Neden akkor lambalar genellikle açma anında yanar?
Yaygın bir durum: düğmeye basarsınız, kısa bir flaş ve başka bir akkor ampul "uzun yaşamanızı sağlar". Üreticiyi kaba bir sözle hatırlayarak, bir değişiklik yaparsınız. Çoğu kişi çalışma süresinin en az 1000 saat olması gerektiğini duymuştur. Öyleyse neden birkaç ay yerine sadece birkaç hafta sürdü?
Genel olarak çalışma süresi akkor lambalar lambaların çalışma koşullarına ve bu tür ışık kaynağının doğasında var olan dezavantajlara bağlıdır. Çalışma süresini etkileyen nedenlerin ayrıntılı bir analizine girmeden önce, çok önemli bir gerçeğe dikkat çekiyoruz: ampuller, kural olarak, açıldıkları anda yanarlar. Ve bunun için çok basit ve açık olmasa da bir açıklama var.
Tüm akkor lambaların "kalbi", aydınlatma teknisyenlerinin "akkor gövde" olarak adlandırmayı tercih ettiği tungsten bobindir. Filament gövdesi, spiral şeklinde sarılmış ince tungsten telden yapılmıştır.
Üretim teknolojisi oldukça karmaşıktır, yüksek hassasiyetli ekipman ve teknolojiye sıkı sıkıya bağlılık gerektirir. Lambaların daha fazla hizmet ömrü büyük ölçüde spiral üretiminin kalitesine bağlıdır. Ne de olsa, neredeyse 3000 derecelik bir sıcaklıkta çalışması gerekiyor.
Böylesine yüksek bir sıcaklıkta, sonunda lambayı "yok eden" işlemler başlar. Her şeyden önce, tungstenin buharlaşmasıdır. Tel incelir ve telin çapında çok az fark olur. Bu noktada buharlaşma hızlanır ve lamba yanar.
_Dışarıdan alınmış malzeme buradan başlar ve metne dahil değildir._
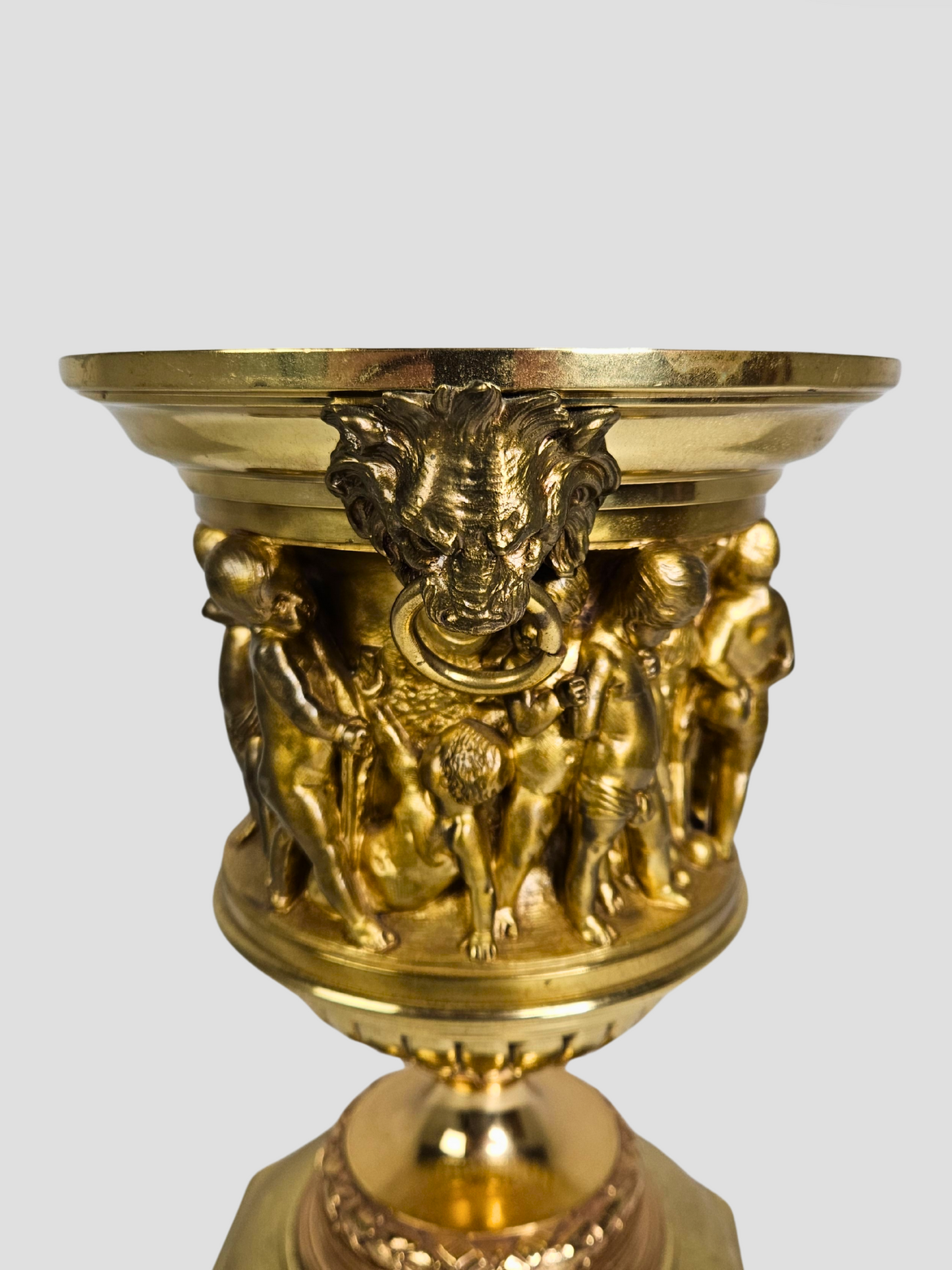 Antique Gilt Bronze Urns - Pair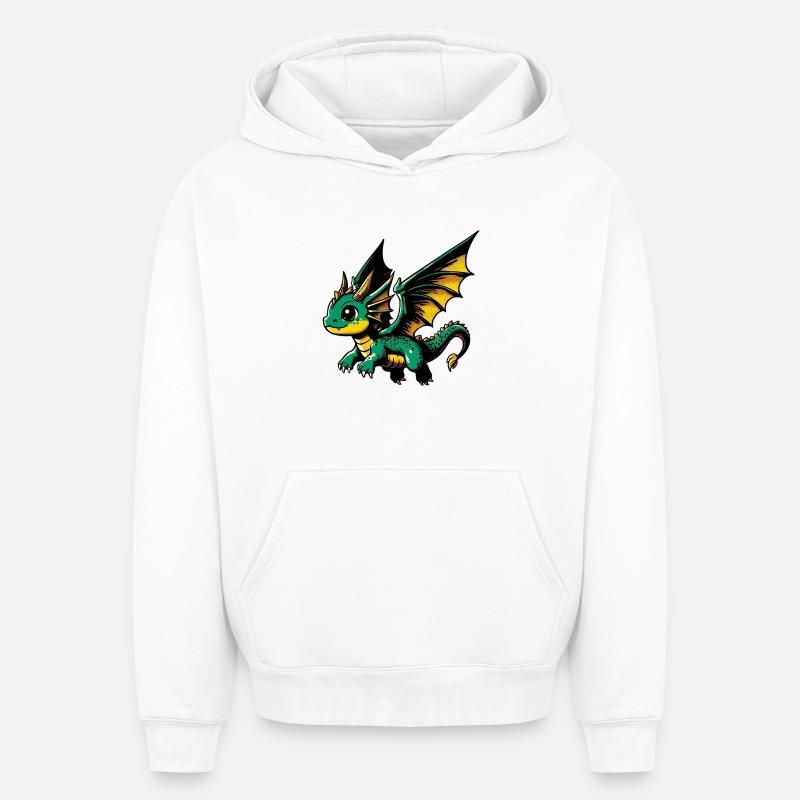Dragon - Sweat à capuche unisexe oversize épais SPREAD - blanc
İşlem oldukça uzundur ve normal voltajda lamba 1000 saat dayanabilir.Şişeye kripton gibi inert bir gaz doldurularak buharlaşma yavaşlatılabilir. Satışta benzer lambaları mantar şeklindeki ampullerde bulabilirsiniz.
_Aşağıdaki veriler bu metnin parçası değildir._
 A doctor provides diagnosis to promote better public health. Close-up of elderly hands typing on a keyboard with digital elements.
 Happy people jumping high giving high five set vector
İkinci süreç, tungstenin yapısı ile ilgilidir. Tel üretiminde tungsten, uzun bir şekle sahip küçük kristallerden oluşan bir yapıya sahiptir. Yüksek çalışma sıcaklıklarına ısıtma, kristal büyümesine (kabalaşmaya) neden olur. Bu işleme tungsten yeniden kristalleştirme denir. Bu durumda, kristaller arası yüzey alanı önemli ölçüde azalır (yüzlerce kez). Metalde kaçınılmaz olarak bulunan safsızlıklar kristaller arasında toplanır ve son derece kırılgan bir bileşik olan tungsten karbür oluşturur.
Son olarak, genellikle lambanın ömrünü sona erdiren üçüncü işlemi ele alalım. Tungstenin soğuk durumdaki direncinin, 3000 derecelik bir çalışma sıcaklığından belirgin şekilde (9-12 kat) daha az olduğu unutulmamalıdır. Bu nedenle, Ohm yasasına göre bir ampulle ilk yakıldığında, Mevcut akışlar, işçinin karşılık gelen sayısıdır.Akım bir telden geçtiğinde, elektrodinamik kuvvetler oluşur. Bu durumda spiral mekanik gerilime maruz kalır.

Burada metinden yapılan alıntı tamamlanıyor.